Well, I just got off the conference call.
I'll offer a few remarks, but not a fully
comprehensive review as I have in the past.

Things are looking VERY good and I expect
the stock will be up at the opening tomorrow.

This is the first quarter for which they've
reported combined results with CMC.

They reported $0.28/sh EPS vs expectations of $0.23/sh.
That alone should be reason enough for the stock to
open up tomorrow.

The merger with CMC is going VERY smoothly and
is ahead of schedule. They now count Alcatel
as one of their new customers with an initial
$20M contract for one product and quite a few
other products in the works. The combined size
of the company helped them clinch the deal with
this customer together with the facts that:
+ Alcatel wanted to move some Mfg to the US,
+ Alcatel wanted to outsource more of their Mfg,
+ Alcatel found that the Corinth MS and Mexican
facilities ideally met their needs in Dallas area.
CMC had started courting Alcatel before the merger
but it was the merger that catalyzed the deal.
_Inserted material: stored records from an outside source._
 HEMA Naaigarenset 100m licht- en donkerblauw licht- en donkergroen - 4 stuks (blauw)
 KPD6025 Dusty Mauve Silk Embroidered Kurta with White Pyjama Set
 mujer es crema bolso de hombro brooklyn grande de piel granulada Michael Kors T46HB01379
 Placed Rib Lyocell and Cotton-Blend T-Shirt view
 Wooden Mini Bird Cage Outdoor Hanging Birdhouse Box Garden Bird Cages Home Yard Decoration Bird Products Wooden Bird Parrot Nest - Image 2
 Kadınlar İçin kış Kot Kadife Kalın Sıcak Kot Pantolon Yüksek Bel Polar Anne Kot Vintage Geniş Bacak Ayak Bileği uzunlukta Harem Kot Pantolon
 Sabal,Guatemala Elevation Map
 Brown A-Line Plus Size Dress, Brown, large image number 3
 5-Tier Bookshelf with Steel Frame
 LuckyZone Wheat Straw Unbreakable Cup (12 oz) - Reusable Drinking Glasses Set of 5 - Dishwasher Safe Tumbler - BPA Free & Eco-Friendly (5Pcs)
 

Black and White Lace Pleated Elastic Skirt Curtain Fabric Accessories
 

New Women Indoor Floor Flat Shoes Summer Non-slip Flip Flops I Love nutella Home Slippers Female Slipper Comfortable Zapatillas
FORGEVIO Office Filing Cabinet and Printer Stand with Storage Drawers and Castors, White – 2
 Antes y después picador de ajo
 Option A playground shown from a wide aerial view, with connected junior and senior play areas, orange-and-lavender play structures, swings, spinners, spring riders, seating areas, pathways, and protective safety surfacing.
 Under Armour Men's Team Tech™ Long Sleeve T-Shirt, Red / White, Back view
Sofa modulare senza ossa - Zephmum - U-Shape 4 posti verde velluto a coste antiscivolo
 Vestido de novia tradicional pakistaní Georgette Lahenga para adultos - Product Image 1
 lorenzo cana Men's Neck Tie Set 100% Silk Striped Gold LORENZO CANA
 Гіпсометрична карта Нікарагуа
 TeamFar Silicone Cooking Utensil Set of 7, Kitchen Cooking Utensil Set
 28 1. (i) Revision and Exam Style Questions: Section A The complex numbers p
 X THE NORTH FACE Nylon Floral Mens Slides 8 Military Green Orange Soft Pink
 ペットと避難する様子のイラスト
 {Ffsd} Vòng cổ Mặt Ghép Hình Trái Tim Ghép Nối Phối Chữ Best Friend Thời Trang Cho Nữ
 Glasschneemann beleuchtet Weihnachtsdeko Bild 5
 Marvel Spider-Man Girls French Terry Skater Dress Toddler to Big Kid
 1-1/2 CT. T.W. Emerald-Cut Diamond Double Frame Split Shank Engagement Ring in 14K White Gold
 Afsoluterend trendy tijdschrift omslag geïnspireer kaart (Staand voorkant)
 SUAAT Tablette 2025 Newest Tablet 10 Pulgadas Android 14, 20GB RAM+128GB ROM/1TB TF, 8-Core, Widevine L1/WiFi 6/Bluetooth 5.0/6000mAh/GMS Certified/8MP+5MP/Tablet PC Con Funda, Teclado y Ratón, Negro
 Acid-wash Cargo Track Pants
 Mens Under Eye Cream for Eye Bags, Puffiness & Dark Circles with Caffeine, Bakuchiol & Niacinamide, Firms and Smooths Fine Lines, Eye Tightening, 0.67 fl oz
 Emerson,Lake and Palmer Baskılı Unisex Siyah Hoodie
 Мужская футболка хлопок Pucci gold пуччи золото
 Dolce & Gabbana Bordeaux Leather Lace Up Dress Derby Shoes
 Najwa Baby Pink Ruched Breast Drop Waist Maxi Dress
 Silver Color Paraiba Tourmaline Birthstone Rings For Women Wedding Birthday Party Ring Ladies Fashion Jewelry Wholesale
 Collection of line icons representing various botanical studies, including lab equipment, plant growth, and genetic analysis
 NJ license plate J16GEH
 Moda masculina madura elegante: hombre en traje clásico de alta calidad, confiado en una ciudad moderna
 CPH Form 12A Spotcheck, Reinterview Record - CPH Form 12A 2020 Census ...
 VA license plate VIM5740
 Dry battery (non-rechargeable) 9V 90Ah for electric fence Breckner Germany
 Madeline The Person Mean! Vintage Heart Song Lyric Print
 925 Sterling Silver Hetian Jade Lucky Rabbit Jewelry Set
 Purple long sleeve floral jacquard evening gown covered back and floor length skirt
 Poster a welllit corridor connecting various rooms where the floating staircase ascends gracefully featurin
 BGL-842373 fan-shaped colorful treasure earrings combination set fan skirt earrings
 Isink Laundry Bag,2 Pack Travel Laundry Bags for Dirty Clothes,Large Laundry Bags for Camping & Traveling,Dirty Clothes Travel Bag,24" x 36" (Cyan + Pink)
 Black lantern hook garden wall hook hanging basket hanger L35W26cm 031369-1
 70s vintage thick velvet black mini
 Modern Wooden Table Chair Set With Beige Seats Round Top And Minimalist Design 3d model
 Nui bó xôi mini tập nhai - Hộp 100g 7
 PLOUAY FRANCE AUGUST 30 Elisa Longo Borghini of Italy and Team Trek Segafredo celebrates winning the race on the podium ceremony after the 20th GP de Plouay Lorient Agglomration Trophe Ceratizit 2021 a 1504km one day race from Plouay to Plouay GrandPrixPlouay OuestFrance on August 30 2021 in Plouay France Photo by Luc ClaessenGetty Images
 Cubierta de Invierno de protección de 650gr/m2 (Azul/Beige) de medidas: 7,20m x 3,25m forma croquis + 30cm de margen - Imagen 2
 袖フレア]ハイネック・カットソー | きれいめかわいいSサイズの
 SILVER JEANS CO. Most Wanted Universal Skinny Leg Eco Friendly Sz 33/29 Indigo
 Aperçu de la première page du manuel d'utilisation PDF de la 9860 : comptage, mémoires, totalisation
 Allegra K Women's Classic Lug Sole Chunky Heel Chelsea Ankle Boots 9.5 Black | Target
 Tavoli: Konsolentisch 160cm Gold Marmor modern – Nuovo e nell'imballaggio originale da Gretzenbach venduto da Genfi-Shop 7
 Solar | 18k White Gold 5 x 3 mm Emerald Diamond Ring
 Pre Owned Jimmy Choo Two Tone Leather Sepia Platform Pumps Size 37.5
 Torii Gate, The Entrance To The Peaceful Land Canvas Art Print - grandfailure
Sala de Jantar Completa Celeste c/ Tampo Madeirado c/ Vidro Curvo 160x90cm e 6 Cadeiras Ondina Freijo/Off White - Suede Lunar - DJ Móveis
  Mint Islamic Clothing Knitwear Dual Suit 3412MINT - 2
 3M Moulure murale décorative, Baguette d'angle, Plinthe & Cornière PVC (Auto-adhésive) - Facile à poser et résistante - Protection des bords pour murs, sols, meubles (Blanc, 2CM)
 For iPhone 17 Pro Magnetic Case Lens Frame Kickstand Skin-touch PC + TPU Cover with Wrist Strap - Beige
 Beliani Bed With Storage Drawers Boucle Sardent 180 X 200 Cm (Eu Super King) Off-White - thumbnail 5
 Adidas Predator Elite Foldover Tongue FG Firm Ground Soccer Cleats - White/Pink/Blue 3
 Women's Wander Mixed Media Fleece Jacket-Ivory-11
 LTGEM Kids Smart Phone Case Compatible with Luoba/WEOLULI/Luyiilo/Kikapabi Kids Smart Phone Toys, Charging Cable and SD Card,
Gross margins were at 8.2% for this quarter and
should remain there for the next quarter... then
they'll start creeping up toward 10% throughout 2000
(but maybe not quite reaching 10% by 12/00).

They're adding 5 new SMT lines this month. 4 will go
to Mexico and 1 will go to Hudson MA. This will give
them a total of 48 SMT lines... they'll then have the
capacity to do over $1.0 billion/year in sales.

Sales for Q4 should reach over $200M and Q1CY00
should be higher still. They have a $200M shippable
backlog and they've been building inventory to
remove any concerns about possible supply problems.

Tax rates are creeping lower from the 40% rate they've
been using in the past. Expect about 39.5% in Q4 and
heading for about 39% in Y2K.

They're looking at expanding their facilities in
Massachusetts and California as well as in SE Asia
and Europe.

They've established an internal team to look at
using their new larger size to gain some clout
with customers and thereby reduce their cost of
goods. They but $800M in parts each year so
even a small percentage reduction in costs can
add significantly to the bottom line. John Pino
used the term "very doable" when an analyst
suggested perhaps 1%... but I got the sense
that 2% or 3% might be achievable too.

There were many analysts on the call asking questions
and every one of them preceded their question with
words like "congratulations on a great quarter".
Analysts included: Bill Cage (JC Bradford), M. Carboy
(DB Alex Brown), Tony Bose (AG Edwards), Michael Zimm
(CIBC Oppenheimer), ?? (CS First Boston), ?? (??),
Chris Lippincot (??), John McManus (Needham & Co),
?? (Highland Capital), and Keith Dunn (Robertson Stevens).

I was personally pleased to hear them mention that
they have some excellent opportunities to do business
with companies such as DMIC and PCMS "because these
companies are starting to experience strong growth".
[I have investments in both DMIC and PCMS; so this
statement represents a nice independent corroboration
of something I already know.]

They said that they expect to file some amended forms
with the SEC in the next few weeks which will present
combined company results for prior quarters... this
will give some perspective to the current quarter's
results and to any estimates of the future performance.